Palm Beach Post - Martinez: Surge in Iraq is Working

Written by: RON HAYES | Publication: Palm Beach Post

U.S. Sen. Mel Martinez, R-Fla., offered a cautiously upbeat assessment of U.S. progress in Iraq at Monday's luncheon meeting of The Forum Club of the Palm Beaches.

"The surge has worked beyond the expectations of most observers," Martinez told the crowd of about 460 at the Kravis Center's Cohen Pavilion. "I believe we have al-Queda on the run."

Martinez is not the first congressman to come under fire for supporting the war, but he's one of the few who's literally been fired on. On Aug. 30, he and fellow senators James Inhofe, R-Okla; Richard Shelby, R-Ala.; and Rep. Bud Cramer, D-Ala., were taking off from Baghdad when their C-130 cargo plane was forced to take evasive maneuvers to avoid three rocket-propelled granades.

"It sounds dramatic, with great flashes of light in the dark outside," Martinez said. "I said a lot of prayers I hadn't said in a while, but it's a reminder of the great danger we're facing every day."

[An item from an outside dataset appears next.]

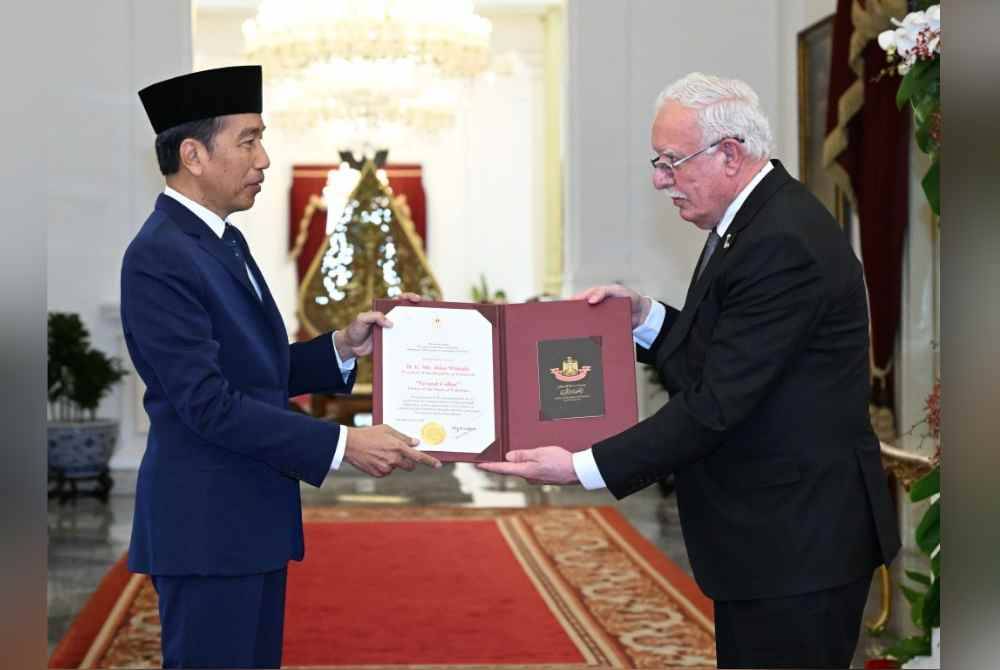 Jokowi (kiri) menerima penghargaan tertinggi dari pemerintah Palestina, “Grand Collar Order of the State of Palestine” di Istana Merdeka, Jakarta pada Isnin.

Martinez said he had been briefed by Gen. David Petraeus and U.S. Ambassador Ryan Crocker in Baghdad, weeks befrore their testimony to Congress.

"Gen. Petraeus was candid and in some ways very encouraging," a view his own observations confirmed, Martinez said.

"I saw very significant military progress," he went on. "The current strategy is doing what it was intended to do: Provide a window of support for political stability to come to Iraq."

The U.S. has made measurable progress in shutting off the major routes from which insurgent weapons are brought to Baghdad from the south, Martinez asserted, and troops told him they were seeing a level of support at the local level that would have been unthinknable only weeks ago.

What's needed now, he said, is to do away with de-Baathification laws so Iraq's Sunni factions can feel they have a stake in their future, and to schedule local and regional elections.

Martinez said he finds cause for optimism in what he called "bottoms up" progress, as more and more local residents, tired of the violence, are coming to the military with offers to cooperate.

Touching briefly on other issues, Martinez said he would vote to override President Bush's threatened veto of the Water Restoration Development Act, which would bring $2 billion to help clean up the Everglades and Indian River lagoon.

Speaking on the same day Democratic presidential candidate Hillary Clinton unveiled a new health plan, Martinez said he had not yet seen the details. However, he said he favors a plan the would provide tax credits to let uninsured Americans buy their own insurance from the private sector.